**Work instructions**
Work through the data below and give the number of lines holding the word "Tunic", without any other text.

**Excerpted records**
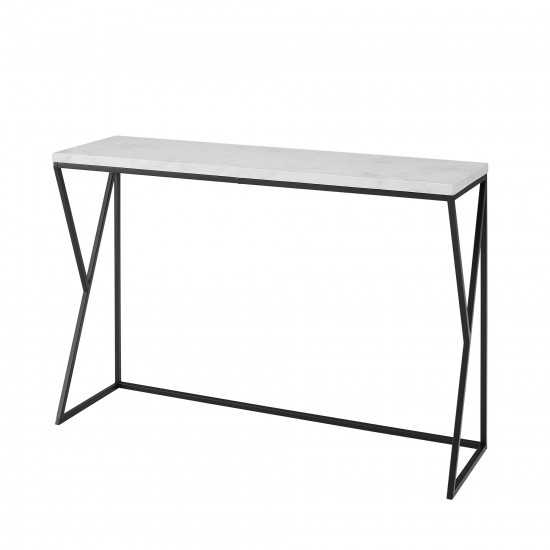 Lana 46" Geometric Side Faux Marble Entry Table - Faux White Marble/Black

* * *

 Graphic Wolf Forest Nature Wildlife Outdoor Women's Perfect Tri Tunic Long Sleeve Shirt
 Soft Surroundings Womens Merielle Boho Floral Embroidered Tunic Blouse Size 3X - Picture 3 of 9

**Written solution**
2